A Java command line tool (CLI) that can watch for, extract, transform, and load tabular data discovered in a filesystem folder into a relational database (e.g. SQLite).

The Assignment

  • Author a command line tool (CLI) in a JVM-based language such as Java or Scala that can watch for, extract, transform, and load tabular data discovered in a filesystem folder into a relational database (e.g.
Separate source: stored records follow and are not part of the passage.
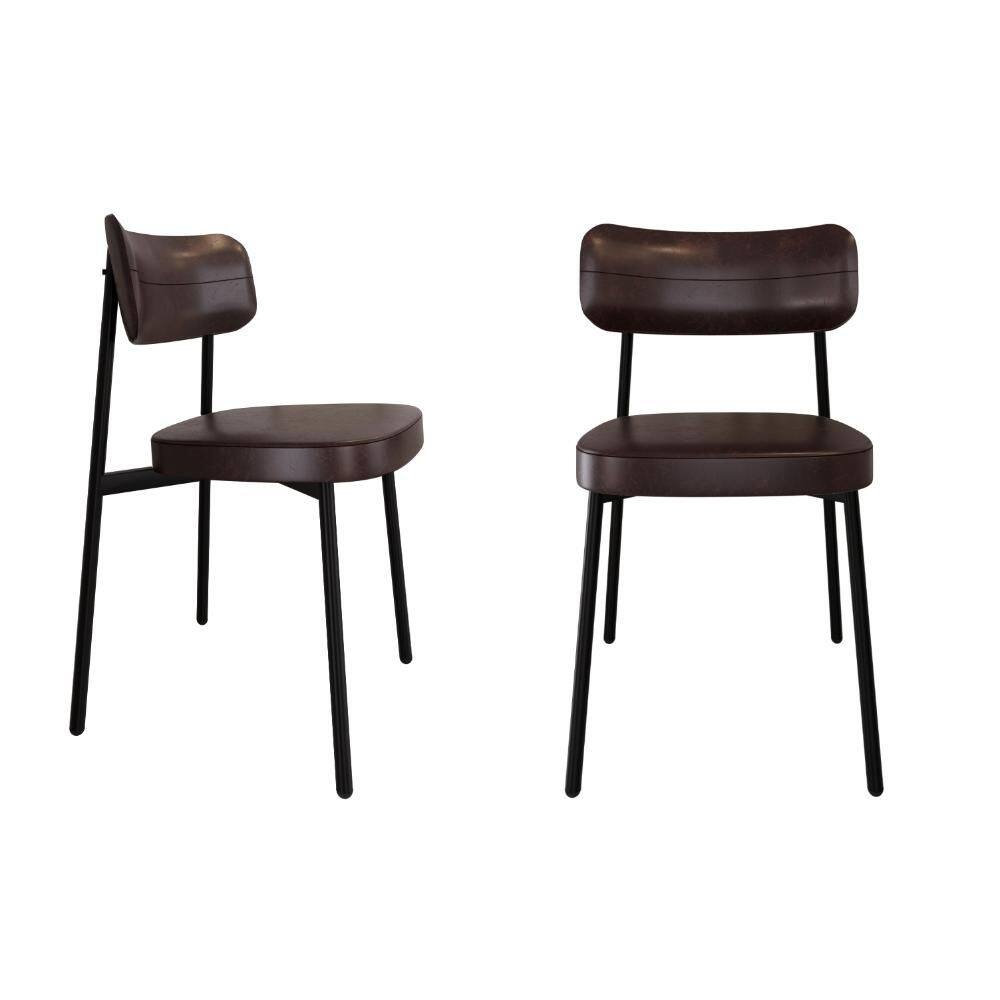 2 Unidades Cadeira Alloa fixa C/4 Pés 50 X 44,7 X 83,8 cm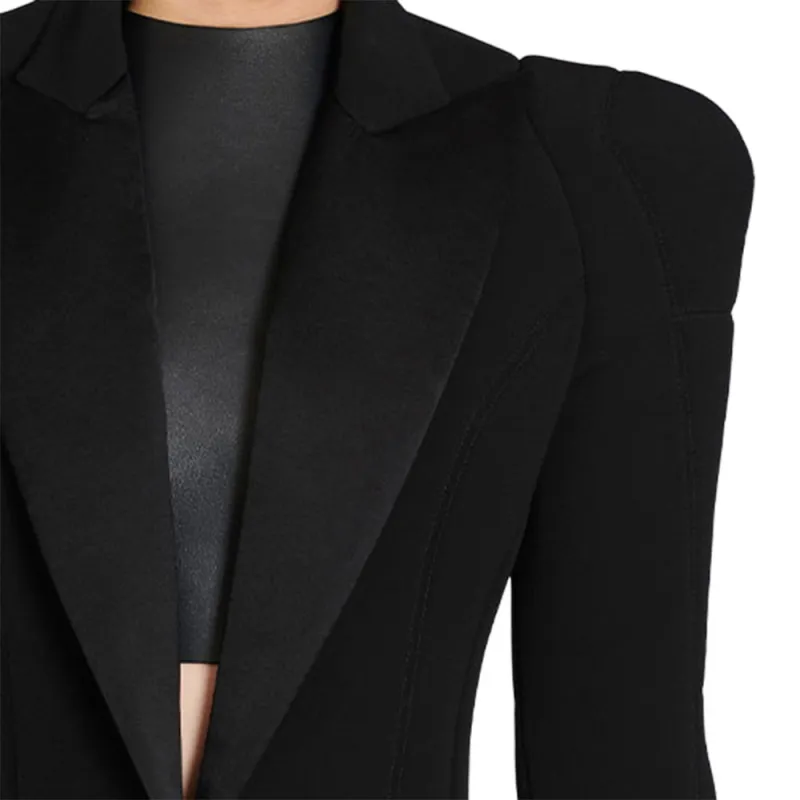BALMAIN Structured shoulder Wool Blazer-5
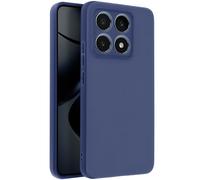 Avizar Carcasa para Xiaomi 14T Protección Mate, Azul noche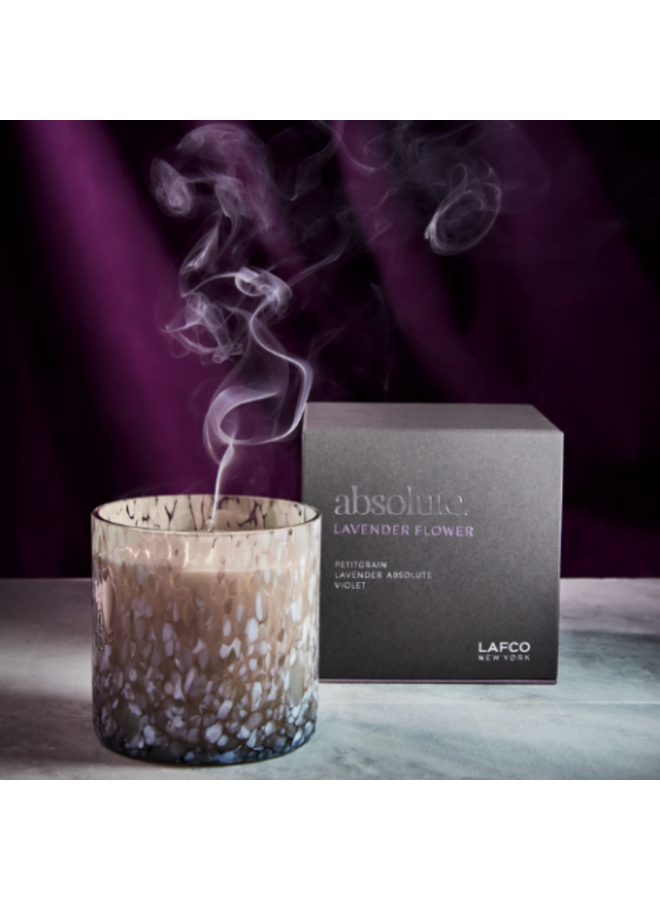 Signature Absolute Lavender Flower Candle 15.5oz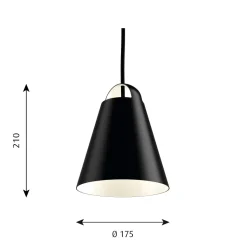 Above 175 Taklampa black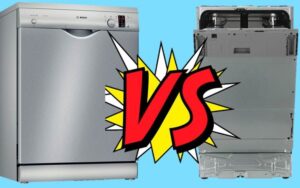 Hvilken oppvaskmaskin er bedre: innebygd eller frittstående?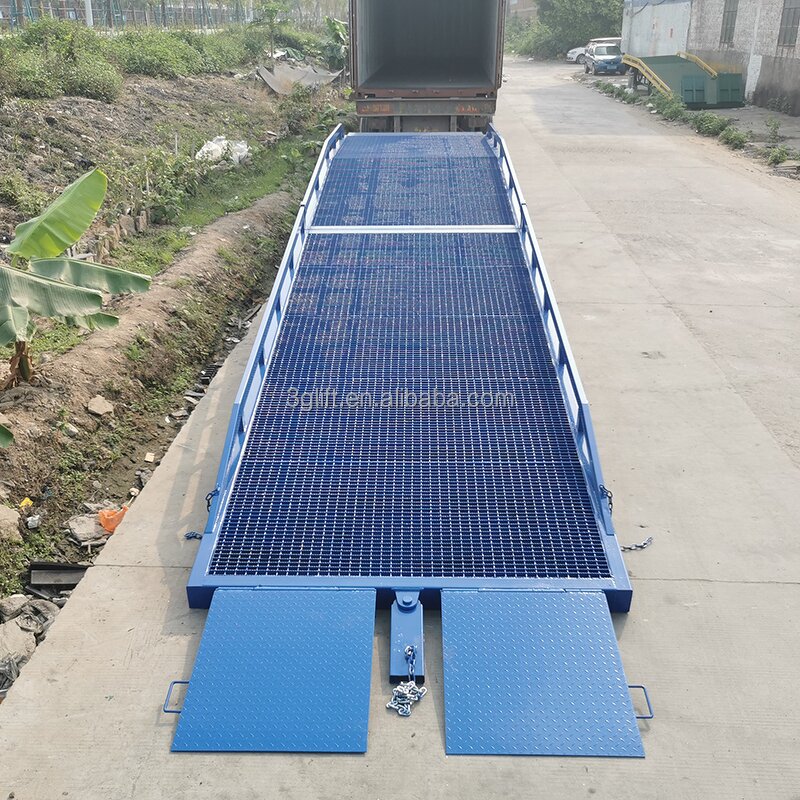 Hydraulic Mobile Yard Ramp - Loading Lifting Height for Forklift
SQLite).
  • Imagine a laboratory instrument is used at various times throughout the day and when the instrument is used, it writes a regular CSV file to a single filesystem folder with a unique filename prefixed with the ISO8601 date timestamp.
  • Your program must continuously watch the filesystem folder for the appearance of these files and load them into a relational database.
  • Please also provide a bootstrap script for initializing an empty database with the necessary schema/tables.
  • Include a written description of no more than 500 words on how robust your solution is and what features you need to implement if you are asked to prove an audit trail of all data.
  • Also describe how your application may need to be modified or deployed if the laboratory buys 10 instruments and all instruments are configured to write to different filesystem folders, but you are constrained to using a single relational database.

Documentation

  • The TS-ETL.jar executable accepts as arguments either directories (using the "-d <path\to\directory>" option) or text files containing lists of directories ("-f <file-path.txt>"), as well as combinations of multiples of the two (e.g. "-d 'C:\Users\Me\Documents\Data Files' -f 'file1.txt' 'file2.txt'"). It combines the directory paths from each of these sources and registers event watchers to trigger when new CSV files are added. When that happens, the text of those new files is parsed to generate a list of field names, and each row of data is inserted into a SQLite database using prepared statements. If the database does not exist, it is created; likewise, the Results table is created if necessary.
  • A trigger is created to add the date and time to each record as it is inserted, and the SourceFile field stores the file path from which each record was extracted; this should be very useful if auditing becomes necessary, but it may be wise to add a "LastUpdated" field along with a corresponding "AFTER UPDATE" trigger to track the date and time of any modifications to each record.
  • No standalone bootstrap scripts have been provided since the application itself creates the database file automatically in the project folder. If a different database file location is desired, the dbfile string in the DataMonitor class can be modified accordingly.
  • To use any RDBMS besides SQLite, a corresponding DataAdapter class should be added.
  • More instruments can easily be accommodated by adding their output directories to the command line arguments as specified above, provided their data fields exist as columns in the Results table. The Results table is created with fields matching the headings in the example CSV files (along with a few others, mentioned above). To allow for insertion of data from instruments with different output fields, modify the Results table to contain the union of all field sets; the prepared statement will insert the data into the correct columns.
  • Note that this program only adds records from files as they are added to the folder. Any existing files will be ignored unless they are removed from the directory and added again (e.g., cut, paste into different folder, then drag them back to the original location). Also note that this implementation assumes files are complete when created and will not be modified afterward, for example, if files are automatically copied to the target directory when a result set is completed. It may behave unpredictably if results are written directly to the file individually since the file contents may be incomplete when the file creation event is triggered.